Whenever a line below holds the word "Black", count it; please give only the final number.

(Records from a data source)
[Start of section]

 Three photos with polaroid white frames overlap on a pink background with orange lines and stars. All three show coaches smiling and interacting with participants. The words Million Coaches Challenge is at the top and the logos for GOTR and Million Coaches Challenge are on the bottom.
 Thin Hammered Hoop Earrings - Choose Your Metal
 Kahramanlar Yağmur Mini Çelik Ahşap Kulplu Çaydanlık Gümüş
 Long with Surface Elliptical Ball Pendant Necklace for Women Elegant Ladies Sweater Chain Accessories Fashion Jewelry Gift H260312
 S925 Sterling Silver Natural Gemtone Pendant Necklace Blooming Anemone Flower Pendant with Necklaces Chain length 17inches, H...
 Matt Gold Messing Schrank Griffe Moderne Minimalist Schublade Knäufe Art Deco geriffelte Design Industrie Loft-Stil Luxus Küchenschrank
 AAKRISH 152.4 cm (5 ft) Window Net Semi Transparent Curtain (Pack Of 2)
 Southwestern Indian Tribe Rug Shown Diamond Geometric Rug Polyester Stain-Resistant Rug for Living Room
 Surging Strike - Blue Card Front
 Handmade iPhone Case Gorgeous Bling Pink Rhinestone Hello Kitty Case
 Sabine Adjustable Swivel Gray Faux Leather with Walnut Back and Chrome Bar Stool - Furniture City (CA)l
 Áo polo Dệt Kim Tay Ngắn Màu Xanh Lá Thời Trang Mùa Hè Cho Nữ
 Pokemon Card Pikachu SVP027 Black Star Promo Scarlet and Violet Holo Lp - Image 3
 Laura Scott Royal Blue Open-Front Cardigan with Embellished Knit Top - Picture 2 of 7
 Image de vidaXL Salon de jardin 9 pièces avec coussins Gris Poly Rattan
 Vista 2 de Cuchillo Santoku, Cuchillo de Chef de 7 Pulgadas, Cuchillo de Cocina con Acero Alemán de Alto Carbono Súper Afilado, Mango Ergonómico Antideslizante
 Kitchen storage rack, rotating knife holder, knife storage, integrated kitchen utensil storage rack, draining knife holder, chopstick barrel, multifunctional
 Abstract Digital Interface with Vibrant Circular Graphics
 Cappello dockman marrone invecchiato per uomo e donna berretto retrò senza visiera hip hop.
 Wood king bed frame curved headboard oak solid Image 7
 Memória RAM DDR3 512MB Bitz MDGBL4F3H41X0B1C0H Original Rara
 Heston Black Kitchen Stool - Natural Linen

[End of section]

## Result for this task
2